O Estádio dos Aflitos completa um século de história em 2017. Trata-se de um ícone do futebol pernambucano, onde foram realizadas mais de 3 mil partidas, segundo dados do pesquisador Carlos Celso Cordeiro. 
Desempenho do Náutico nos Aflitos
1.768 jogos*
1.138 vitórias (64,37%)
336 empates (19,00%)
294 derrotas (16,62%)
70,7% de aproveitamento
* Competições oficiais e amistosos
Os clubes que mais atuaram nos Aflitos
1.768 – Náutico
540 – Santa Cruz
412 – Sport
As 15 finais do Campeonato Pernambucano nos Aflitos
7 títulos – Náutico (1950, 1951, 1960, 1963, 1966, 1968 e 1974)
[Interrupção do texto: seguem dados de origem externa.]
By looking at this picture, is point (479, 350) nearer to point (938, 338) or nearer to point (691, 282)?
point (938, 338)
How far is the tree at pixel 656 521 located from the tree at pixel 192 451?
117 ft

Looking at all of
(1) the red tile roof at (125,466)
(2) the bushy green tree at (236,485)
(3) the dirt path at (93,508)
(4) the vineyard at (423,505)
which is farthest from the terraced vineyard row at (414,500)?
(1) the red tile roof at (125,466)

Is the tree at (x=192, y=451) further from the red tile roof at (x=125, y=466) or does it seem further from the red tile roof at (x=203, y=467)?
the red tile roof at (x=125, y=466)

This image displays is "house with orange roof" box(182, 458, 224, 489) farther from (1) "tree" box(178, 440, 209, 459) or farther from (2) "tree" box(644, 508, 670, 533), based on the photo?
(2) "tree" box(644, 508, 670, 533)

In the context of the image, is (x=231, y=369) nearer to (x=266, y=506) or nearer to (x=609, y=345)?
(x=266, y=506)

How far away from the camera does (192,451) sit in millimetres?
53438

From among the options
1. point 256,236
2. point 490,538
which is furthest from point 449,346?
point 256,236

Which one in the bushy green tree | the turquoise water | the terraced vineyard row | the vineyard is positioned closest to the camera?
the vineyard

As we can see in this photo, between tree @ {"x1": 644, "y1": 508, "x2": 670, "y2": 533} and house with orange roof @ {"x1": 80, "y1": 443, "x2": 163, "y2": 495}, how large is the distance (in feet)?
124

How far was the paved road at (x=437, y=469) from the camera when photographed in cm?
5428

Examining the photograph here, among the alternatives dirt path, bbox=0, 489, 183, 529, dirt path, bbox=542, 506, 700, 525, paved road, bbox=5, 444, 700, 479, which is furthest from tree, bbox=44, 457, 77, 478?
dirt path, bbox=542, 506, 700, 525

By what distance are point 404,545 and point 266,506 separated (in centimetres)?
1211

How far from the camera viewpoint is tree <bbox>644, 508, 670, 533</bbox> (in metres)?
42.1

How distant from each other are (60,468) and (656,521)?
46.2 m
5 títulos – Sport (1917, 1949, 1953, 1955 e 1975)
3 títulos – Santa Cruz (1947, 1959, 1969)
No segundo semestre de 2013, quando fez as malas e mudou-se dos Aflitos para a Arena Pernambuco, o Náutico planejava dar um salto de qualidade que o colocaria na elite do futebol brasileiro. Mas o sonho de 2013 tornou-se um pesadelo em 2017, quando a tradicional agremiação do Recife passa por uma das situações mais tristes de sua história. O time se acostumou a jogar diante de cadeiras vazias e não mantém em dia os salários de seus atletas e demais funcionários. Em 2011, o Náutico assinou um contrato de 30 anos de duração com a Odebrecht, construtora e administradora do estádio localizado em São Lourenço da Mata, na Grande Recife. O acordo previa que, além de não ter despesas com o estádio, o clube alvirrubro receberia R$ 500 mil mensais para ser o usuário de um equipamento que, sem ele, poderia se transformar em um elefante branco. No entanto, a Odebrecht, envolvida na Operação Lava Jato, rompeu o contrato assinado e restou a equipe o único benefício de não pagar para usar a Arena.
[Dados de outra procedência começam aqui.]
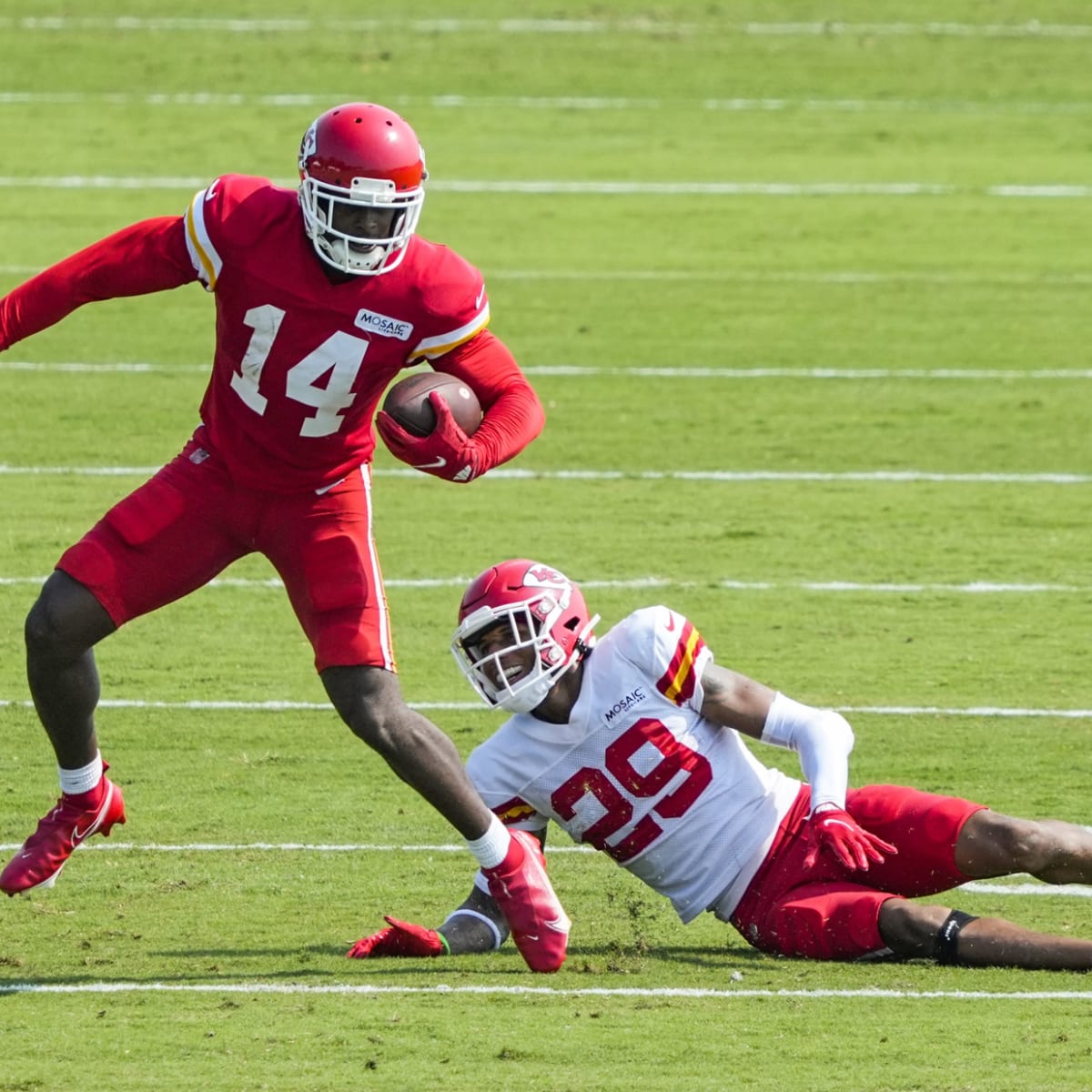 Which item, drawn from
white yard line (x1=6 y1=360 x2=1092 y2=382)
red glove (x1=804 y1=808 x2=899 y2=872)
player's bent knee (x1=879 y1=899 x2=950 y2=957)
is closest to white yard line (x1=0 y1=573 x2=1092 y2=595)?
white yard line (x1=6 y1=360 x2=1092 y2=382)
Em um estádio localizado a 23 quilômetros do centro do Recife, e com um precário acesso por transporte público, o Náutico se viu abandonado.
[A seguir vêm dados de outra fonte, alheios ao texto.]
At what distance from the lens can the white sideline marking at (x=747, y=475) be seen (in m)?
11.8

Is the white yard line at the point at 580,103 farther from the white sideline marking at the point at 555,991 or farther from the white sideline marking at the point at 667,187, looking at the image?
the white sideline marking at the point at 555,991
Quando anunciou a construção da Arena, o governo pernambucano prometeu que seria erguida em seu entorno a Cidade da Copa, complexo com prédios residenciais, universidade e centros comerciais. Nada saiu do papel e o local atualmente resume-se a um moderno estádio no meio do nada. Dirigentes e torcedores do Náutico estão convencidos de que a solução para a crise do clube é a volta aos Aflitos, o que tornou-se possível do ponto de vista legal quando o contrato com a Odebrecht foi rompido. O problema é a precariedade em que se encontra a velha casa alvirrubra, sem dinheiro para reformá-la. Há pouco tempo, a diretoria conseguiu um empréstimo de R$ 1 milhão para a obra, mas esse é apenas um terço do valor mínimo necessário para reabrir o estádio. E as perspectivas de obter o resto da verba em um prazo curto não são animadoras, até porque há outras despesas mais urgentes a serem cobertas. Como os salários, por exemplo, em débito desde março, e ainda há muitas dívidas do ano passado não quitadas. Evitar a queda para a Série C de 2018 e retornar aos Aflitos, localizado em um bairro nobre do Recife, com acesso muito fácil, são as aspirações de todos ligados ao Náutico. Por sua vez, a Arena Pernambuco se tornou um legado da Copa do Mundo que rapidamente revelou-se um imenso elefante vermelho e branco. Mais um, da manada que restou no Brasil pós sete a um.